Ante tantas
propuestas ideológicas interesadas ha llegado la triste circunstancia que se ha
perdido la sindéresis en muchos momentos. Se trata de la capacidad natural para
juzgar rectamente y poder distinguir entre el bien y el mal. En definitiva,
usar la discreción y la sana razón, lo que popularmente se dice: «tener sentido
común».
Ante tantas propuestas
ideológicas interesadas ha llegado la triste circunstancia que se ha perdido la
sindéresis en muchos momentos. El término sindéresis viene del griego synteréo, que significa observar, vigilar
atentamente. Es la capacidad natural
para juzgar rectamente y poder distinguir entre el bien y el mal. En definitiva
usar la discreción y la sana razón. Lo que popularmente se dice: Tener sentido común.

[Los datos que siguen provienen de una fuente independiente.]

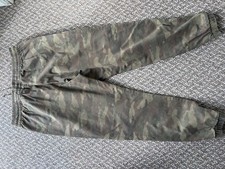 Camouflage combat trousers for sale Camouflage combat trousers for sale  BRADFORD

Y si bien este sentido común
es el que debiera regir, nos encontramos que por varias circunstancias, se ha
perdido. No se entienden ciertas afirmaciones que se usan y que se aplican como
si se tratara de un dogma. Por ejemplo, no se entiende que por defender la
libertad se usen medios coercitivos como son la violencia o la degradación de
la persona.
El Papa Benedicto XVI decía, hablando de la
verdad y la caridad, que en estos tiempos, la verdad suele ser relativizada
perdiendo su fuerza y obligatoriedad. La
‘verdad’ se convierte en ‘tu verdad’ o ‘mi
verdad’ convirtiéndose en opinión, y cuando ésta va aunada al poder
político deviene en formas de gobierno despóticas e injustas.
O, cuando es mayoritaria, en trastornos de vida social absurda cuando se
reclama por derechos humanos violentándose otros, incluso a su vez los más
básicos y elementales como el derecho a la vida y la dignidad de la persona,
propios de una sociedad contradictoria que ha perdido su sentido común, como
por ejemplo se reclama el derecho al propio ejercicio de la libertad para
decidir abortar o lesionar la justicia. Cuando esto sucede, se pone en peligro
el verdadero desarrollo de los pueblos (Cfr. Cáritas in Veritate, 43).
El saber nunca es sólo obra de
la inteligencia. Ya decía Oliver Wendel, poeta y médico estadounidense: «La ciencia es un magnífico mobiliario para el piso
superior de un hombre, siempre y cuando su sentido común esté en la planta baja».
Ciertamente, puede reducirse a cálculo y experimentación, pero si quiere ser
sabiduría capaz de orientar al hombre a la luz de los primeros principios y de
su fin último, ha de ser sazonado con la sal de la caridad.
En una época en la que la
realidad virtual gana espacio y tiempo en la vida del ser humano conviene tener
presente el origen de dónde se parte y el fin al que se dirige. Por eso el evangelio pone el dedo en la llaga
cuando dice: «Vosotros sois la sal de la
tierra. Pero si la sal se vuelve sosa ¿con qué se salará? No vale más que para
tirarla fuera y que la pisotee la gente» (Mt 5, 13).
Jesucristo nos muestra un camino certero y apoyado en el sentido que la misma
naturaleza nos regala. Ante esta metáfora de la sal hay una cosa que es necesario
evitar: perder el sabor.
Cuando se pierde el sentido
auténtico de lo que es la vida y de lo que ella contiene en sí misma se sitúa
en lo absurdo. Es la regla sin sentido
de pensar lo mismo que la mayoría: se piensa y actúa como todos, se
sustentan las mismas ideas, se vierten las mismas opiniones, se adoptan los
mismos criterios: es como la sal que se ha vuelto
insípida.
Se requiere una conversión
especial para romper con los principios vacios del error mundano. «No os acomodéis a la mentalidad del mundo, antes bien
transformaos mediante la renovación de vuestra mente de forma que podáis
discernir cuál es la voluntad de Dios, lo bueno, lo agradable, lo perfecto» (Rom
12, 2).
La mente es la primera que ha
de promocionar la conversión. No hay peor corrupción que aquella que se fragua
en la mente. Es mucho peor que la corrupción del corazón puesto que en ella
anida o la luz o las tinieblas. Ya lo advertía Jesucristo: «Los hijos de este mundo son más sagaces en lo suyo que
los hijos de la luz» (Lc 16, 8). Una
advertencia para tomar en cuenta y saber que para ser coherentes debemos
aplicar el sentido común que parece el menos común de los sentidos.